WORK REQUEST
Search the material for the word "para" and report each line where it turns up.

PROVIDED RECORDS
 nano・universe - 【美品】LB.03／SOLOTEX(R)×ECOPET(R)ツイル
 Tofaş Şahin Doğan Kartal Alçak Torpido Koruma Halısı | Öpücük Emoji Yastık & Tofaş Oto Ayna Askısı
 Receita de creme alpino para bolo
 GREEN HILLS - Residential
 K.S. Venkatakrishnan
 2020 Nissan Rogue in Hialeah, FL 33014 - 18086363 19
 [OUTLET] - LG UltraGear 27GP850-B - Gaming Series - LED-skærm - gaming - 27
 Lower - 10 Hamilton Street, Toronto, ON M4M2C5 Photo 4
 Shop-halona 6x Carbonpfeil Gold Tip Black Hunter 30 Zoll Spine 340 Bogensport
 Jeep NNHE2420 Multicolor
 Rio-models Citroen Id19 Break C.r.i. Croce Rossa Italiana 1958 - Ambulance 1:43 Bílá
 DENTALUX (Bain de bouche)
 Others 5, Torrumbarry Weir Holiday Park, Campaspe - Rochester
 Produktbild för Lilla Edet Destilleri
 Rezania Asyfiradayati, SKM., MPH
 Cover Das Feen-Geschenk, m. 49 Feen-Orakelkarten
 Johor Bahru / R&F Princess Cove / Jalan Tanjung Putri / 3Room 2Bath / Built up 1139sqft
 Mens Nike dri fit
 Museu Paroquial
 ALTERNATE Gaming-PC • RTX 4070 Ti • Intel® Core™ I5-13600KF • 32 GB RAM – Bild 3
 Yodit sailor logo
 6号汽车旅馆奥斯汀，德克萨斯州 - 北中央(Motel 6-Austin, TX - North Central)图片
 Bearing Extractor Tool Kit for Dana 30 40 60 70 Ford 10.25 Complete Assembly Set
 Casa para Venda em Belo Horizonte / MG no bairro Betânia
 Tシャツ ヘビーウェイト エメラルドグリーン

TASK RESULT
 Receita de creme alpino para bolo
 Casa para Venda em Belo Horizonte / MG no bairro Betânia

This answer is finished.